Wednesday February 6, 2008. 12:29 AM
FreshMeat
Gujin is a PC boot loader that can analyze your partitions and filesystems. It finds the Linux kernel images available, as well as other bootable partitions (for *BSD, MS-DOS, Windows, etc.), files (*.kgz) and bootable disk images (*.bdi), and displays a graphical menu for selecting which system to boot. It boots the Linux kernel using the documented interface, like LILO and GRUB, so it doesn't need any other pre-installed bootloader. It can also directly load gzipped ELF32 or ELF64 files, with a simple interface to collect real-mode BIOS data. There is no need to execute anything after making a new kernel: just copy the kernel image file into the "/boot" directory, with a standard name. Gujin is written almost entirely in C with GCC, and it fully executes in real mode to be as compatible as possible.

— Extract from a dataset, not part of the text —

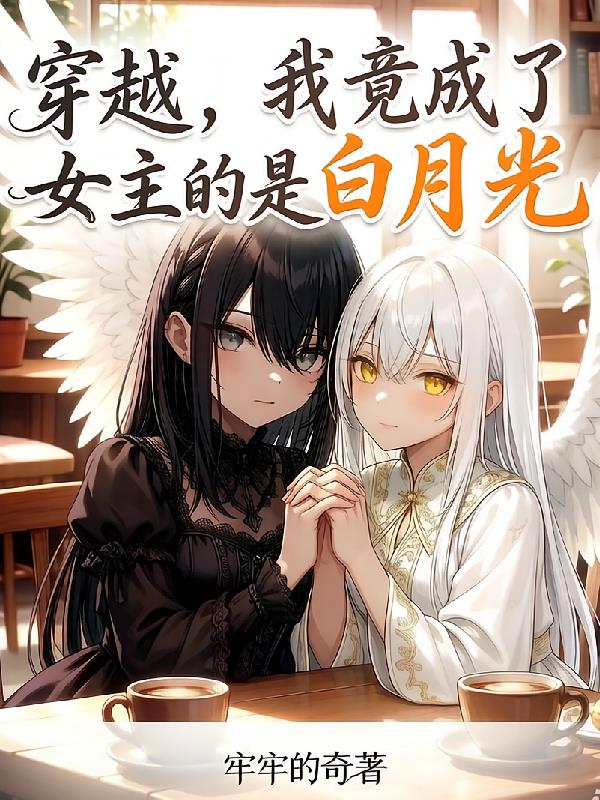 穿越,我竟成了女主的白月光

License: GNU General Public License (GPL)
Changes:
This version fix the problem with booting kernels after Linux 2.6.22. It can also install the second stage inside a filesystem (contigous file, no RAID supported) simply by: "instboot boot.bin /boot/gujin.ebios". It moves DBG messages into the "xdata" segment to stop "stack overflow" messages in debug executables, adds confirmation before restoration of MBR and partition table from backup, and adds a small executable "gujin-cmdline" to edit the "embedded command line" of vmlinuz files.